Range to repeat from the listing below: the line containing "Close-up of textured" down to the line containing "view of front", both included. Copy it exactly, pictures excluded, and add nothing else.

-- DATA RECORDS --
*** Block opens ***

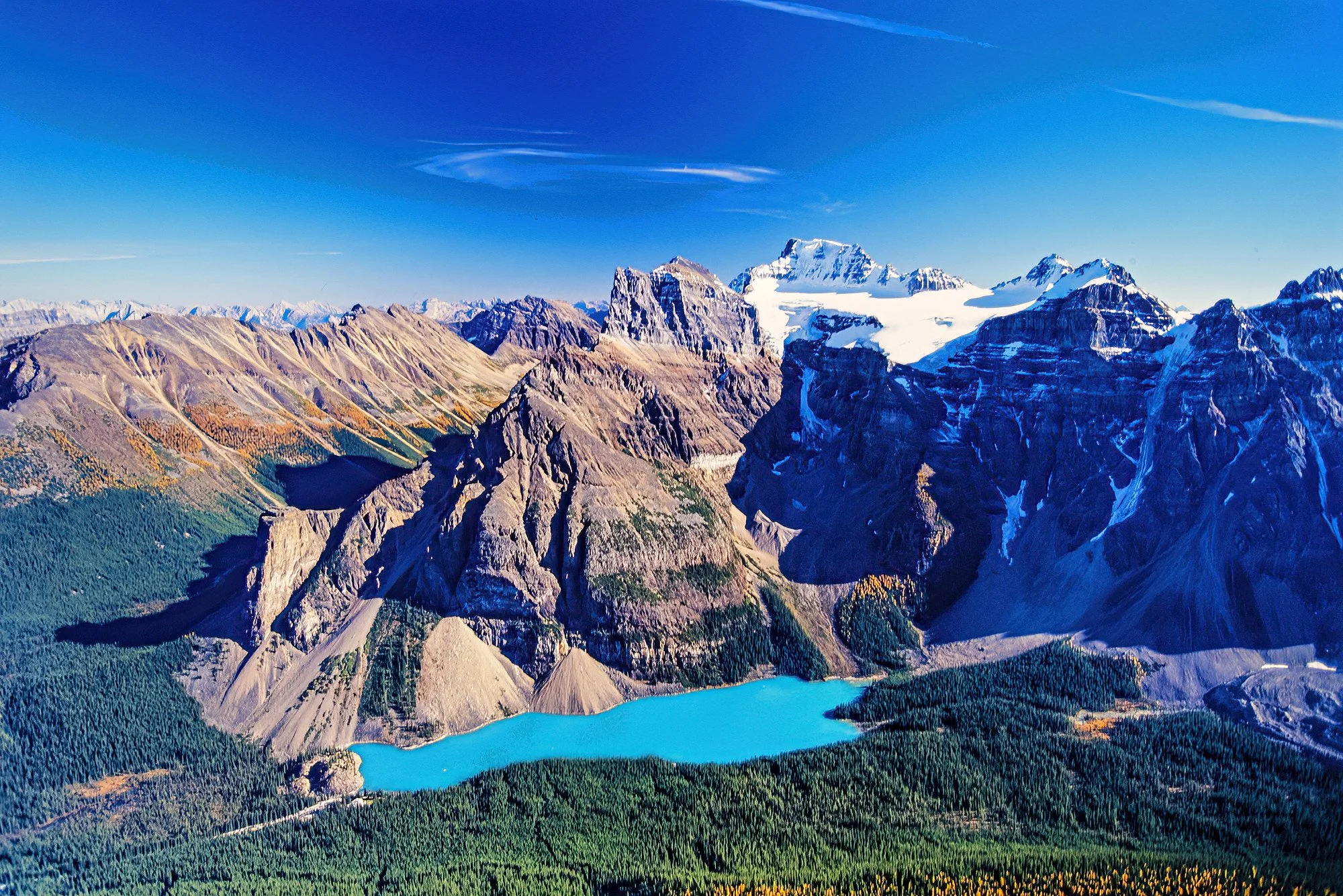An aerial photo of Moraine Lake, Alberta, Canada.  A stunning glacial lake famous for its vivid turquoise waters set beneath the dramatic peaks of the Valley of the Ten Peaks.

*** Block closes ***
*** Block opens ***

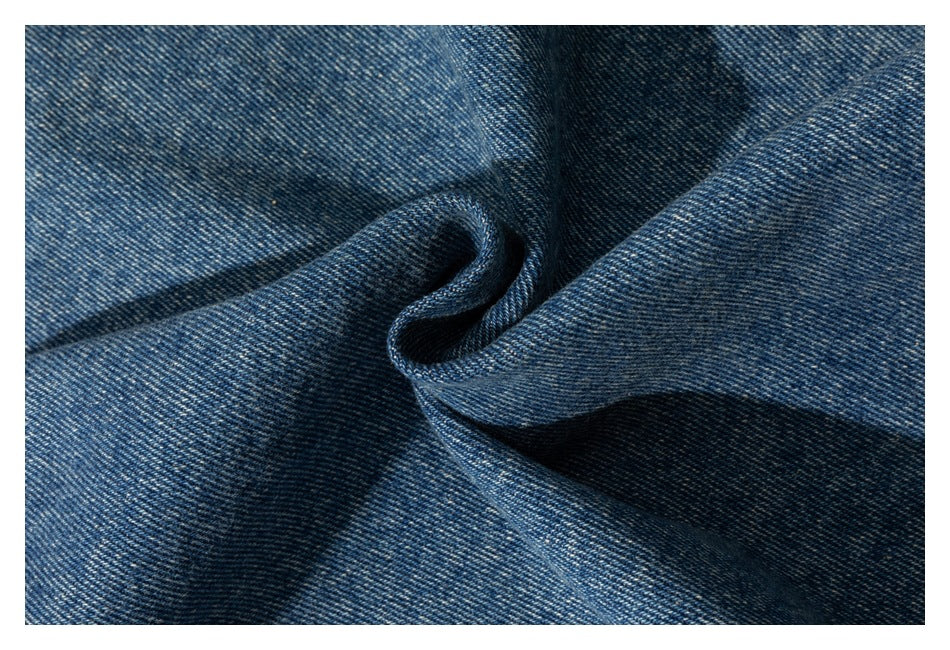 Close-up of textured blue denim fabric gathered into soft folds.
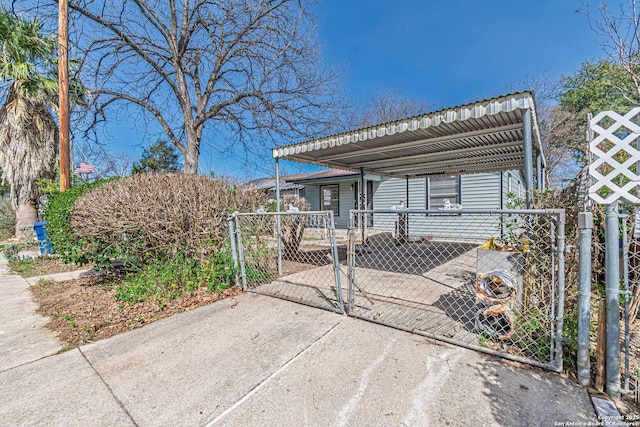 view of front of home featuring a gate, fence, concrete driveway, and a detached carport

*** Block closes ***
*** Block opens ***

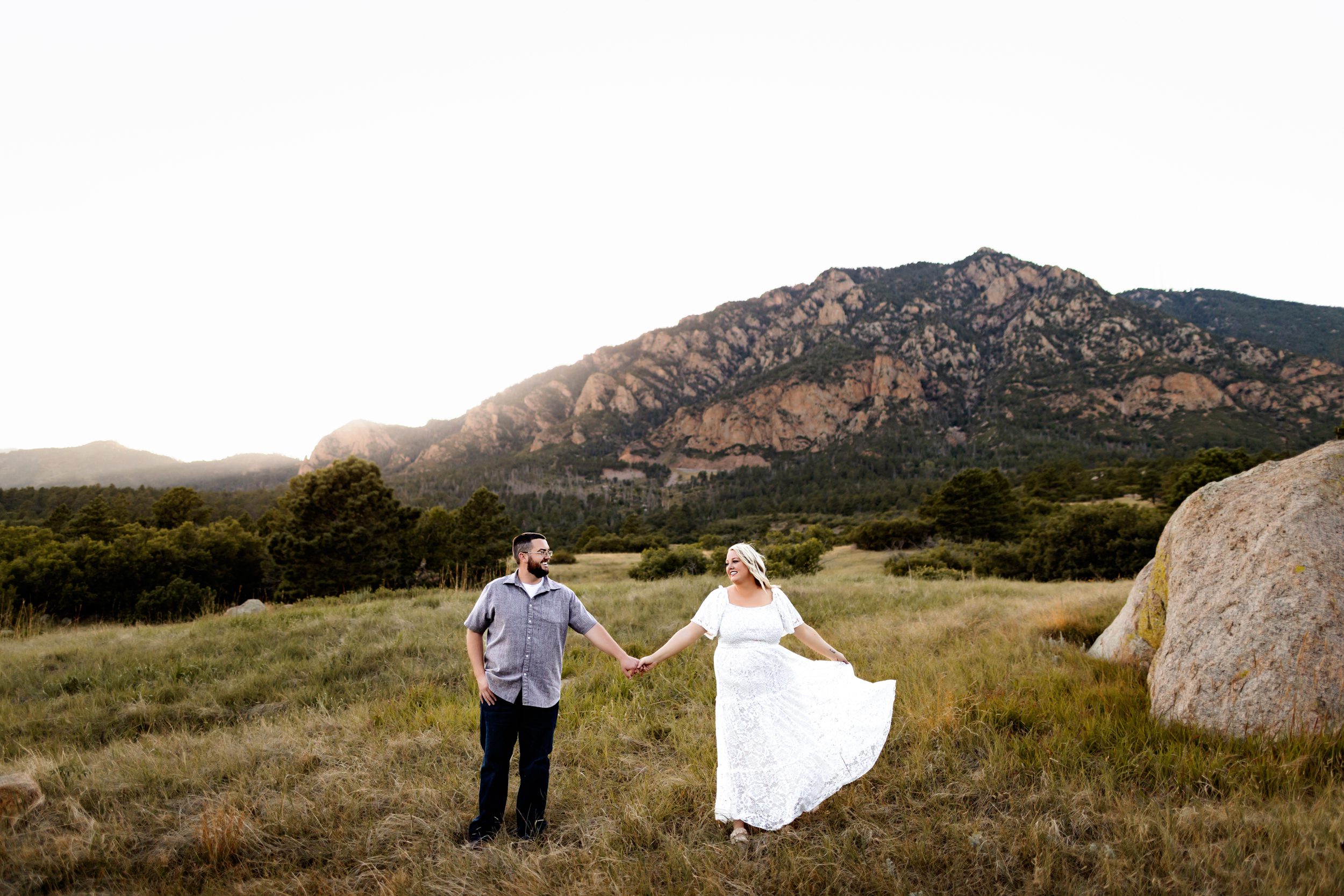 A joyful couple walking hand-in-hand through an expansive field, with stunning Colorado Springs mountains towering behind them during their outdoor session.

*** Block closes ***

-- YOUR SOLUTION --
 Close-up of textured blue denim fabric gathered into soft folds.
 view of front of home featuring a gate, fence, concrete driveway, and a detached carport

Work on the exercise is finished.